The project debdistdiff is used to produce the list of added and modified packages, which are the input to actually being able to know what packages to reproduce. It publishes human readable summary of difference for several distributions, including Trisquel vs Ubuntu. Early on I decided that rebuilding all of the upstream Ubuntu packages is out of scope for me: my personal trust in the official Debian/Ubuntu apt archives are greater than my trust of the added/modified packages in Trisquel.
There is a (manually triggered) job generate-build-image to create a build image to speed up CI/CD runs, using a simple Dockerfile.
There is a (manually triggered) job generate-package-lists that uses debdistdiff to generate and store package lists and puts its output in lists/. The reason this is manually triggered right now is due to a race condition.
There is a (scheduled) job that does two things: from the package lists, the script generate-ci-packages.sh builds a GitLab CI/CD instruction file ci-packages.yml that describes jobs for each package to build. The second part is generate-readme.sh that re-generate the project’s README.md based on the build logs and diffoscope outputs that stored in the git repository.
Through the ci-packages.yml file, there is a large number of jobs that are dynamically defined, which currently are manually triggered to not overload the build servers. The script build-package.sh is invoked and attempts to rebuild a package, and stores build log and diffoscope output in the git project itself.

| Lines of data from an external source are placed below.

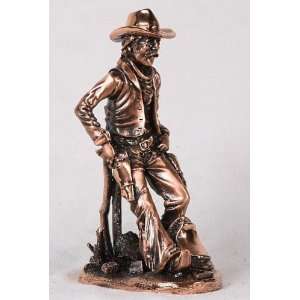   Cowboy Leaning With Gun Holstered Decorative Figurine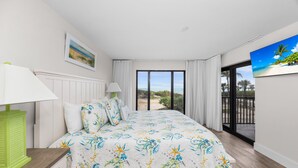 A bedroom with a large bed, a nightstand, a lamp, a painting, and a view of the outdoors through a sliding glass door.
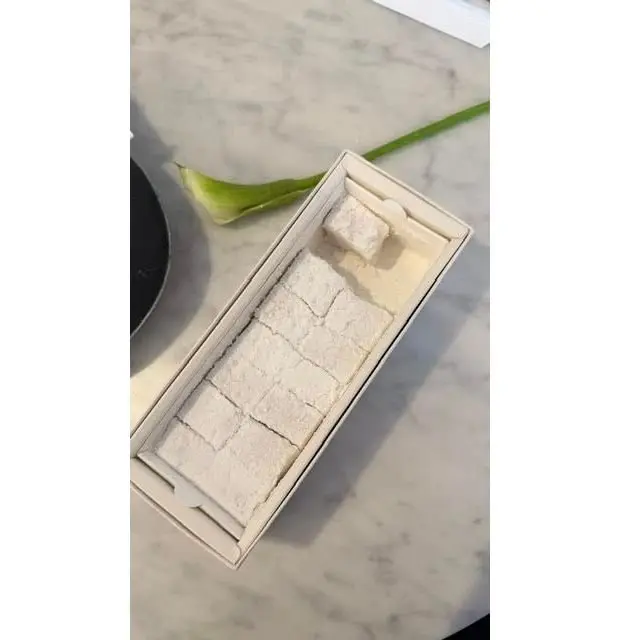 長方形の木製トレイに整列した白い和菓子と、緑の葉が添えられた花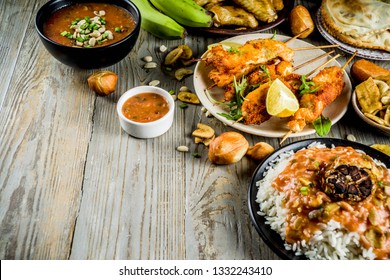 West African Food Concept. Traditional Wset African Dishes Assortment - Peanut Soup, Jollof Rice, Grilled Chicken Wings, Dry Fried Bananas Plantains, Nigerian Chicken Kebabs, Meat Pies, Top View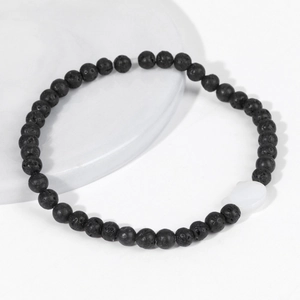 Makro-Detail von schwarzen Lavastein-Perlenarmband mit weißem Herzanhänger auf Tablett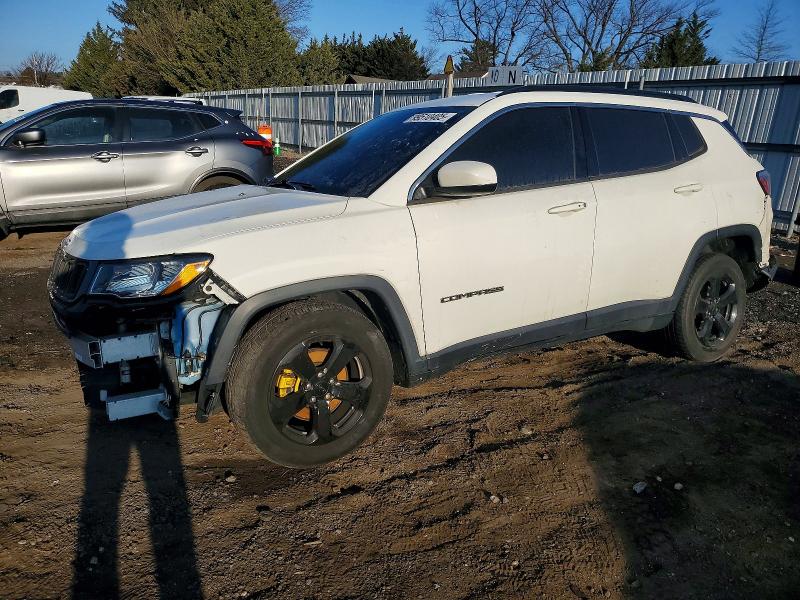JEEP COMPASS 2019 with VIN 3C4NJCBB9KT809747 - Photo from auction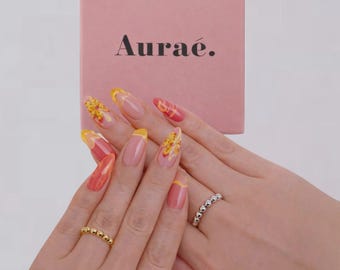 May include: Aurae pink box with the brand name in black. Two hands display rings, one gold beaded and one silver beaded. The nails are long, with a French manicure design in yellow, orange, and pink.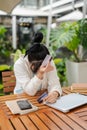 A upset Asian woman hand covering her face while holding a credit card, having financial problems Royalty Free Stock Photo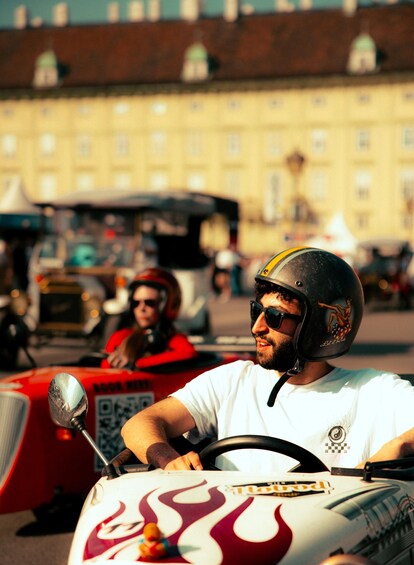 Une personne conduisant une moto sur laquelle sont peintes des flammes sur les côtés, dans un environnement urbain avec des bâtiments en arrière-plan. 3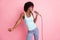 Photo of attractive dark skin girl singer microphone stage wear summer outfit isolated on pastel pink color background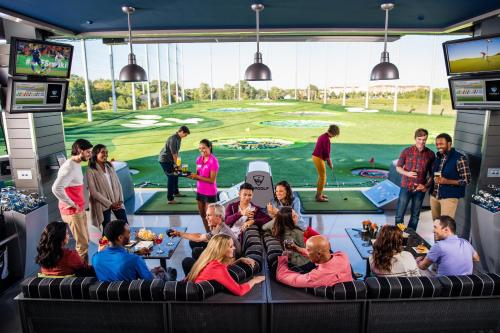 a group of people sitting in a room with a golf course mural at Staybridge Suites Midvale by IHG in Midvale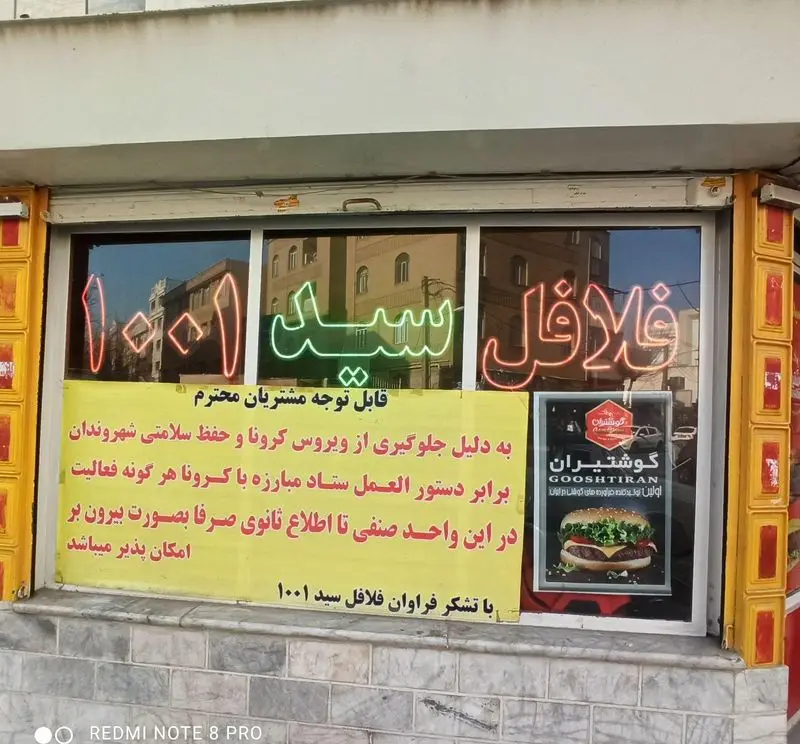فلافل سید ۱۰۰۱: نمای بیرونی این فست فود ایرانی با نئون‌های روشن و اطلاعیه مهم درباره سرویس بیرون‌بر در زمان کووید ۱۹.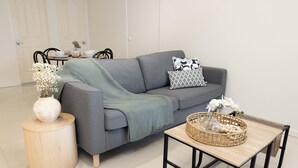 A modern living room with a grey sofa, a round wooden side table, and a coffee table with a woven basket. - Private Rocklea 1BR | Good Location | 216D1 (Rocklea)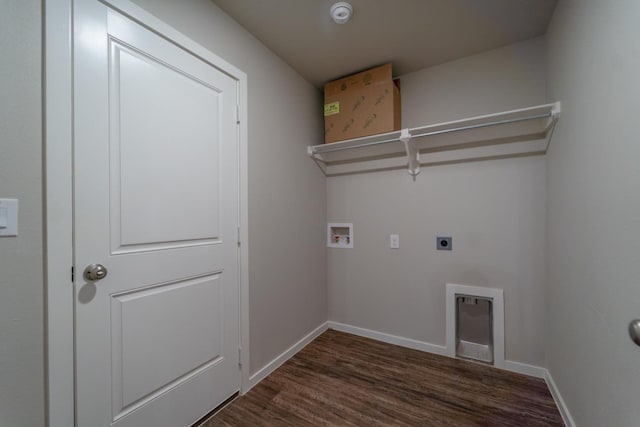 washroom with electric dryer hookup, hookup for a washing machine, and dark wood-type flooring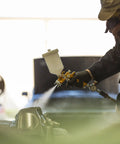 Heavy Duty Forged Spray Gun With 1.3 Mm Tip And Stainless Needle Featuring Air Curtain Design in use, delivering smooth paint finish.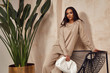© indiraswork - Beautiful sexy brunette woman face  tanned skin wear fashion clothes style collection beige knitted suit sandals accessory bag interiorfurniture armchair journey summer wall flowerpot palm boho.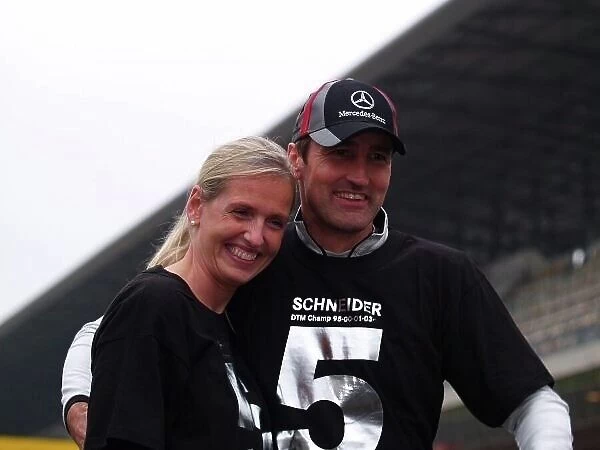 DTM. R-L: Bernd Schneider (GER) Vodafone AMG-Mercedes, with his partner Svenja Weber.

Current limitations and ideas on further work (most are filed as project issues) include:
We don’t support *.buildinfo files. As far as I am aware, Trisquel does not publish them for their builds. Improving this would be a first step forward, anyone able to help? Compare buildinfo.debian.net. For example, many packages differ only in their NT_GNU_BUILD_ID symbol inside the ELF binary, see example diffoscope output for libgpg-error. By poking around in jenkins.trisquel.org I managed to discover that Trisquel built initramfs-utils in the randomized path /build/initramfs-tools-bzRLUp and hard-coding that path allowed me to reproduce that package. I expect the same to hold for many other packages. Unfortunately, this failure turned into success with that package moved the needle from 42% reproducibility to 43% however I didn’t let that stand in the way of a good headline.

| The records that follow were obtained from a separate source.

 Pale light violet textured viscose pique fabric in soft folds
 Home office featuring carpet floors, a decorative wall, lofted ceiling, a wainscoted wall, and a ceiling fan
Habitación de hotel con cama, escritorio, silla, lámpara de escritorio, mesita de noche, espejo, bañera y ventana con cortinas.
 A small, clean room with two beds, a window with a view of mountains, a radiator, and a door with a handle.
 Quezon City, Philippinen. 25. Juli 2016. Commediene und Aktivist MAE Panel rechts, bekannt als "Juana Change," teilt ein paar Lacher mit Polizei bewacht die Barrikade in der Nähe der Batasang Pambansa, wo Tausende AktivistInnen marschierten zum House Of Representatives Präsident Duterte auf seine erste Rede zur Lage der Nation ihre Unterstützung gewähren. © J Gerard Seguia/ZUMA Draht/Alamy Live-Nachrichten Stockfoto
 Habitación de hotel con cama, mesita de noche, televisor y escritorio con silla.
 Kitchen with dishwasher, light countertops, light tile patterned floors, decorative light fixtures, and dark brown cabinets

The mechanism to download the Release/Package-files from dists/ is not fool-proof: we may not capture all ever published such files. While this is less of a concern for reproducibility, it is more of a concern for apt transparency. Still, having Trisquel provide a service similar to snapshot.debian.org would help.
Having at least one other CPU architecture would be nice.
Due to lack of time and mental focus, handling incremental updates of new versions of packages is not yet working. This means we only ever build one version of a package, and never discover any newly published versions of the same package. Now that Trisquel aramo is released, the expected rate of new versions should be low, but still happens due to security or backports.
Porting this to test supposedly FSDG-compliant distributions such as PureOS and Gnuinos should be relatively easy. I’m also looking at Devuan because of Gnuinos.
The elephant in the room is how reproducible Ubuntu is in the first place.